NHLBI roadmap highlights research gaps in retinal biomarkers and cardiovascular risk
Non-invasive and relatively low-cost ophthalmic imaging techniques, particularly those focusing on retinal biomarkers, offer significant potential to improve the detection, diagnosis, and monitoring of systemic diseases, especially cardiovascular conditions, according to a recent National Heart, Lung, and Blood Institute’s (NHLBI) workshop.
Based on the discussions at the workshop, the NHLBI has released a Roadmap detailing current knowledge gaps and new research opportunities to evaluate the relationships between the eye, specifically retinal biomarkers, and the risk of cardiovascular diseases such as coronary artery disease, heart failure, stroke, hypertension, and vascular dementia.
The Roadmap outlines several key gaps, such as the need to simplify and standardize the process of capturing high-quality retinal images by non-specialist health workers.
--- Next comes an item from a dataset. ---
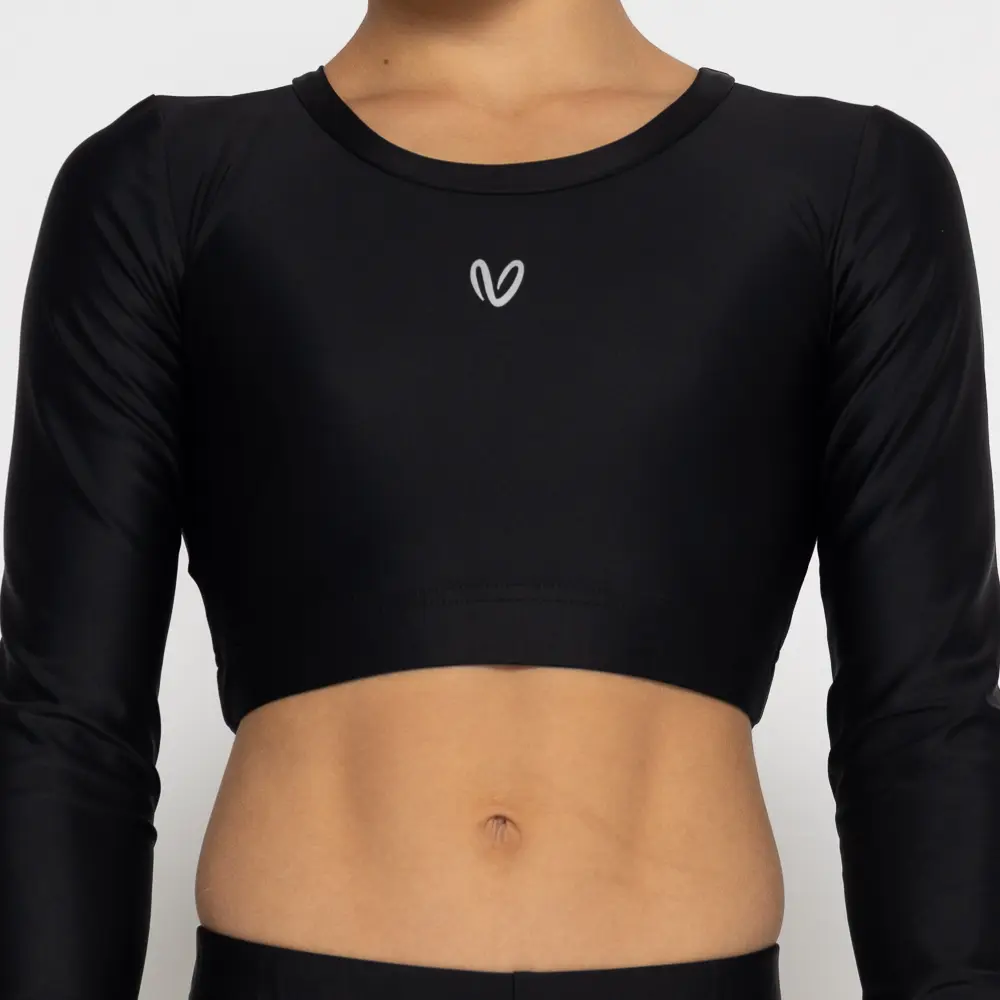 σε χρώμα Black. Άνετη εφαρμογή από ανακυκλώσιμο ύφασμα* που απομακρύνει τον ιδρώτα και τέλεια στήριξη κατά την διάρκεια της προπόνησης. Απαλό και άνετο στην κίνηση. Σημείωση: Το μοντέλο της φωτογραφίας είναι 9 χρονών σε Μέγεθος: 10 *Ανακυκλώσιμο υλικό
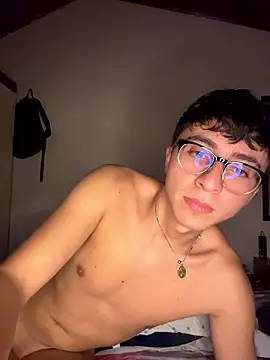 CamiRojas_boy webcam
It also stresses the importance of conducting longitudinal studies with diverse at-risk populations using multidisciplinary networks, and improving privacy protections for participants and data.
Additional gaps include the need to better measure structural and functional retinal biomarkers, understand the link between microvascular and macrovascular risk factors, and enhance multimodal imaging techniques. The integration of advanced imaging with ‘omics’ data, lifestyle information, primary care records, and radiological reports, using artificial intelligence, is also highlighted as essential for improving the identification of individual-level risk.
Reference
Chew EY, Burns SA, Abraham AG, et al. Standardization and clinical applications of retinal imaging biomarkers for cardiovascular disease: a Roadmap from an NHLBI workshop. Nat Rev Cardiol. 2024;doi: 10.1038/s41569-024-01060-8. Epub ahead of print. PMID: 39039178.